Cette dernière s’est taillée une solide réputation dans le secteur. La société intervient généralement sur des projets billettiques et SAEIV (Systèmes d’Aide à l’Exploitation et à l’Information Voyageurs). Son positionnement naturel s’est établi sur les grands réseaux de transport français nécessitant la mise en œuvre de systèmes complexes, multi-opérateurs, multimodaux et interopérables. Un autre nom du secteur est aussi associé au secteur de l’ITS : celui de Conduent, une entreprise qui semble entretenir une relation serrée avec Setec.
Setec et Conduent, une collaboration ancienne
Discrète, la société Conduent, née de la scission en 2017 du groupe Xerox en deux entités distinctes, est pourtant l’un des leaders du marché de l’optimisation des processus métier. Cette nouvelle entité accumule les succès, notamment dans le secteur des transports — et spécifiquement dans celui de la billettique intelligente. Ainsi, sur les six derniers grands appels d’offres de billettiques étudiés par Setec, la totalité a été remportée par Conduent.

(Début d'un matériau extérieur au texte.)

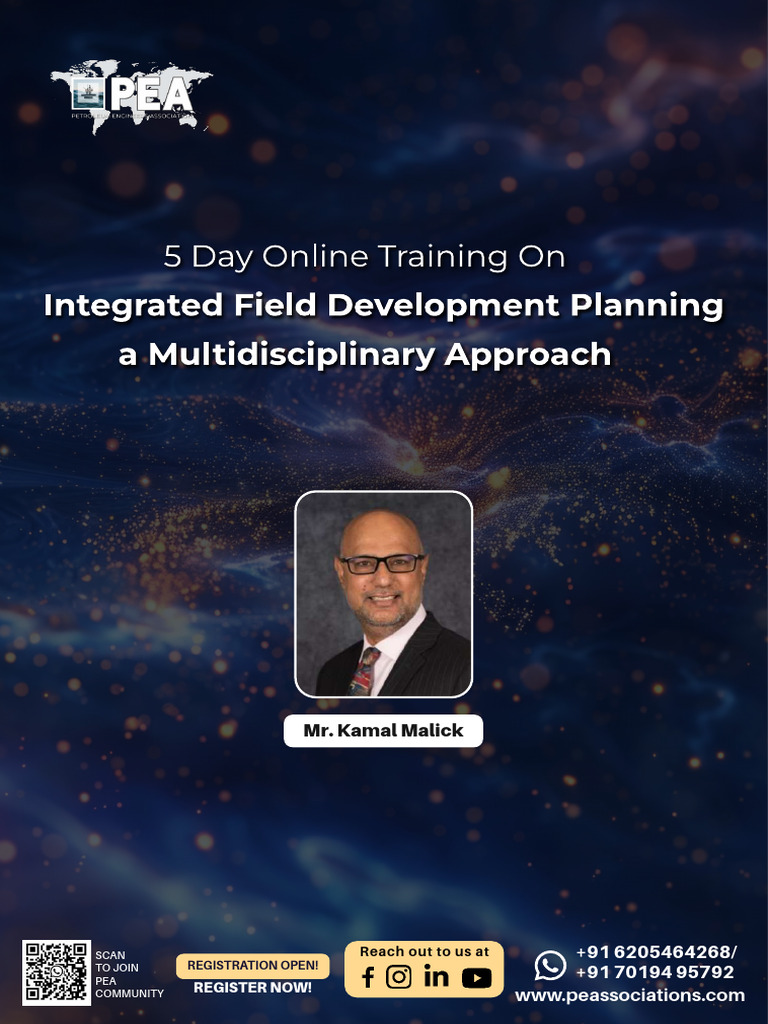 Integrated Field Development Planning Brochure | PDF | Petroleum ...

Parmi lesquels le gigantesque appel d’offres de la région Ile-de-France.
Conduent a ainsi été titulaire du renouvellement de la billettique de l’agglomération de Grenoble en 2018, du système interopérable « OurÀ » en région Rhône-Alpes, du « Sytral » à Lyon ou encore du système interopérable « Atoumod » des régions Haute et Basse-Normandie. Si l’on se réfère au bulletin officiel des annonces des marchés publics (BOAMP), pour chacun des marchés remportés par Conduent, c’est la société Setec ITS qui était responsable de l’étude en amont
L’appel d’offres « Pass Pass », du nom de ce système de billettique des Hauts-de-France, illustre bien cette collaboration entre les deux sociétés : depuis 2015, Setec et Conduent travaillent sur ce projet de modernisation du système de billettique. Hauts de France Mobilité (ancien SMITR), appuyée par Setec, a d’ailleurs renouvelé, début 2018, sa confiance en Conduent — comme le montre cet extrait de délibérations syndicales que nous avons pu nous procurer.
L’ombre d’un doute
Faut-il y voir une certaine forme de favoritisme ? En réalité, rien ne permet de l’affirmer. Il est tout à fait possible que la société Conduent ait trouvé la « recette » miracle pour sortir du lot de façon répétée dès lors que Setec ITS est l’AMOA. Ce qui est certain, en revanche, c’est que d’autres fournisseurs ont gagné le marché dès lors qu’un autre AMOA que Setec était désigné. Ce fut notamment le cas de Parkeon, qui a remporté la billettique de Lille Métropole en 2009 ou de Thales pour la billettique de Bordeaux Métropole en 2014. Dans ces deux appels d’offres, l’AMOA retenu était un concurrent de Setec, Kisio Consulting.
L’attribution des marchés à Conduent par Setec ITS n’a jamais, pour le moment du moins, soulevé de critiques. Elle pourrait toutefois, à terme, inquiéter les collectivités territoriales, pour peu qu’un concurrent se pose en référé pour casser des marchés qu’il jugerait injustement attribués. De quoi faire les affaires des nombreux autres AMOA de bonne réputation tels que INGEROP, Kisio, Transamo, Egis, SYSTRA, MT3… Et relancer la guerre féroce des appels d’offres dans la billettique intelligente.